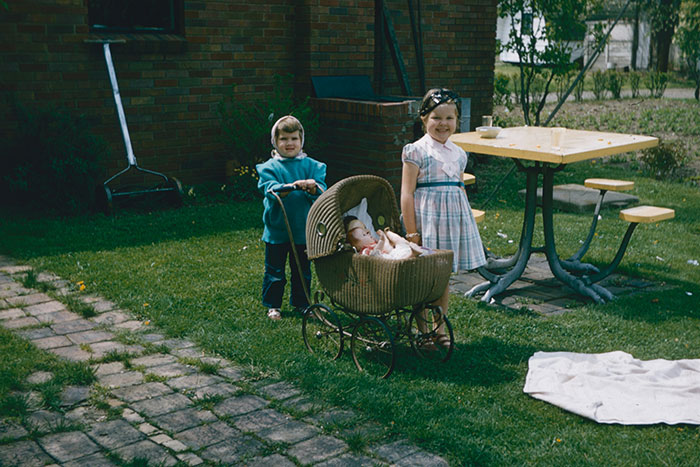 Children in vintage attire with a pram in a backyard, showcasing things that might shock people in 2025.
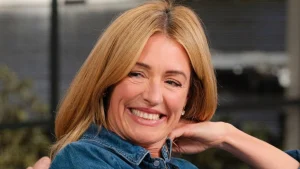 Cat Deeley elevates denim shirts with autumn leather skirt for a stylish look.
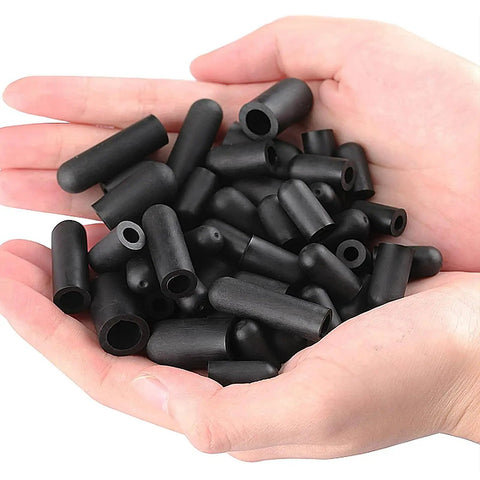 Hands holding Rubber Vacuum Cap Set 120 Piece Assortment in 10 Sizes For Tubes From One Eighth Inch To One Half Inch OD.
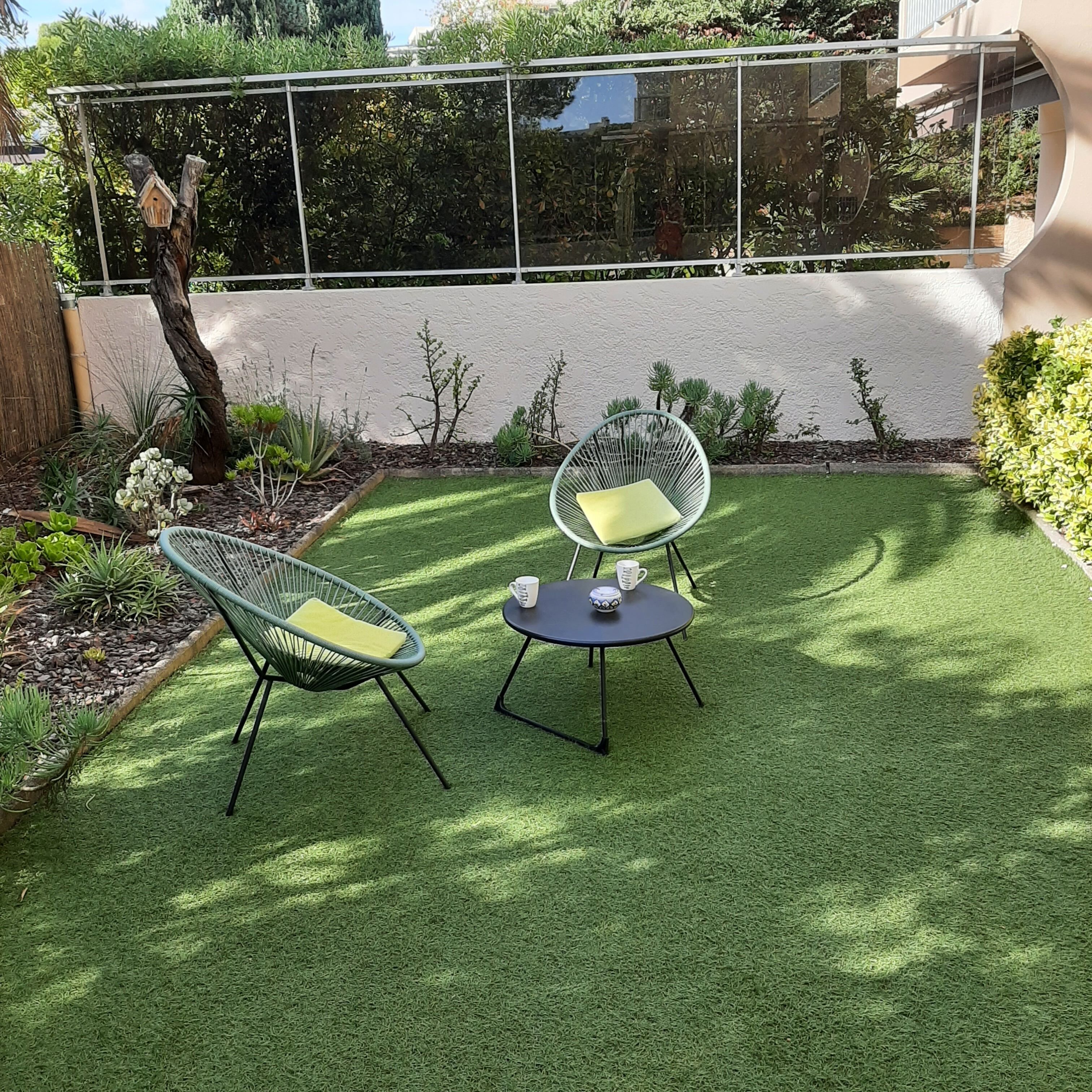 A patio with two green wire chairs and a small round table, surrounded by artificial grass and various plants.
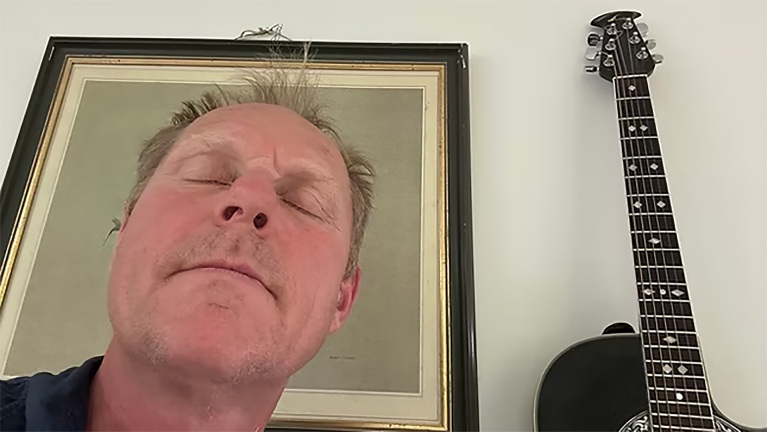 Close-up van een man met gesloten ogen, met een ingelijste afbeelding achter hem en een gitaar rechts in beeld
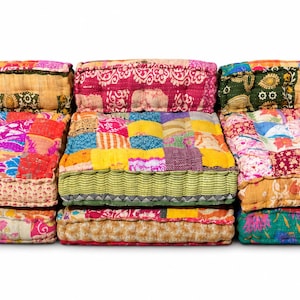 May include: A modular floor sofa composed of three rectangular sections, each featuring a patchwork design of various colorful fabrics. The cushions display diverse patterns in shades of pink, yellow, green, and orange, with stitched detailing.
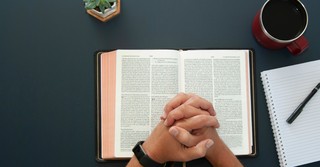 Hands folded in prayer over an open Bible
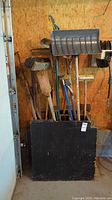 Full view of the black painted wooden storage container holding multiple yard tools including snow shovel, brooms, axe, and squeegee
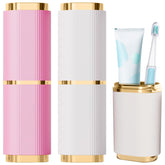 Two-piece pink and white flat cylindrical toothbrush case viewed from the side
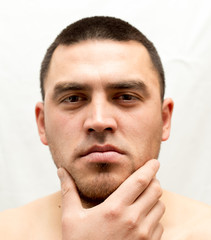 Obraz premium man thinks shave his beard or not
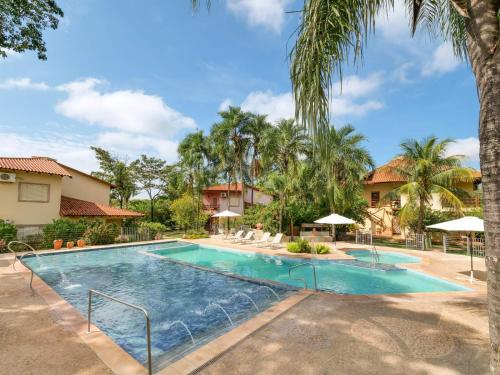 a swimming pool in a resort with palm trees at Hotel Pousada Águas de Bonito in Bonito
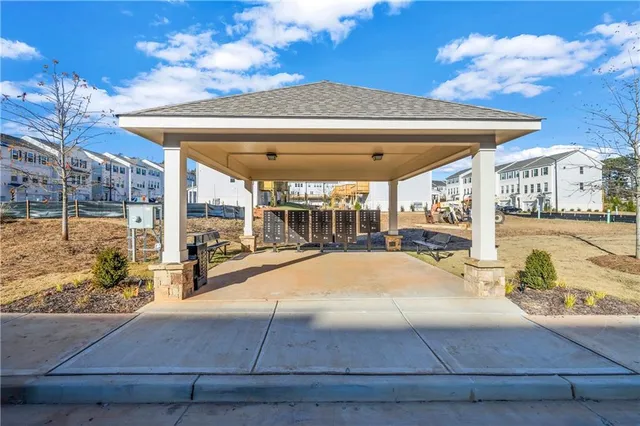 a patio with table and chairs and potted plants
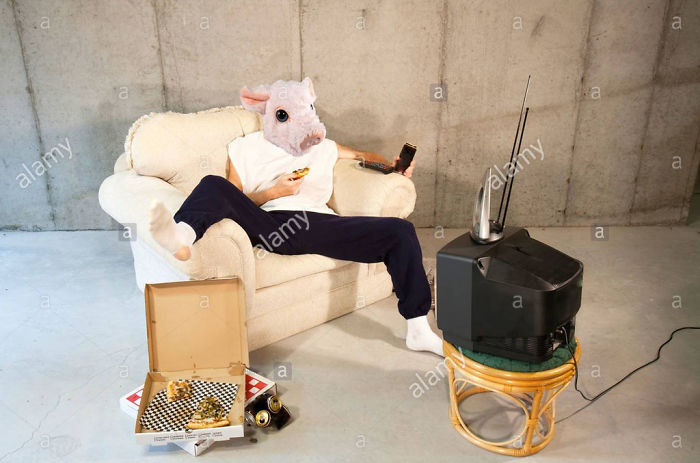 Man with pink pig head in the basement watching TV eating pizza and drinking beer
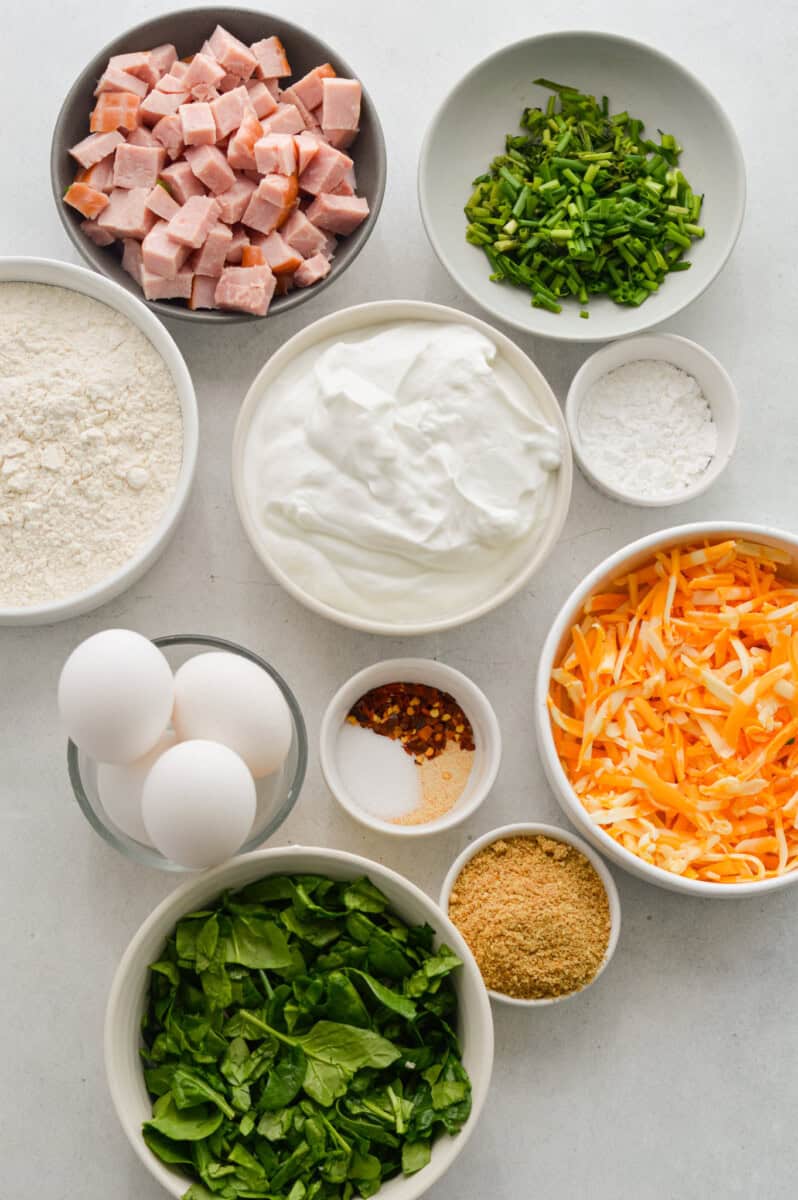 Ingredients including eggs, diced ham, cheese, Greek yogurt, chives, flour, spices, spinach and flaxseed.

= = = = =

Work order.
Transcribe exactly the lines that run from the first line of the records above through the line with "Hands folded in prayer over an open Bible", and include both of those lines; pictures stay out.

Solution below.
 Children in vintage attire with a pram in a backyard, showcasing things that might shock people in 2025.
 Cat Deeley elevates denim shirts with autumn leather skirt for a stylish look.
 Hands holding Rubber Vacuum Cap Set 120 Piece Assortment in 10 Sizes For Tubes From One Eighth Inch To One Half Inch OD.
 A patio with two green wire chairs and a small round table, surrounded by artificial grass and various plants.
 Close-up van een man met gesloten ogen, met een ingelijste afbeelding achter hem en een gitaar rechts in beeld
 May include: A modular floor sofa composed of three rectangular sections, each featuring a patchwork design of various colorful fabrics. The cushions display diverse patterns in shades of pink, yellow, green, and orange, with stitched detailing.
 Hands folded in prayer over an open Bible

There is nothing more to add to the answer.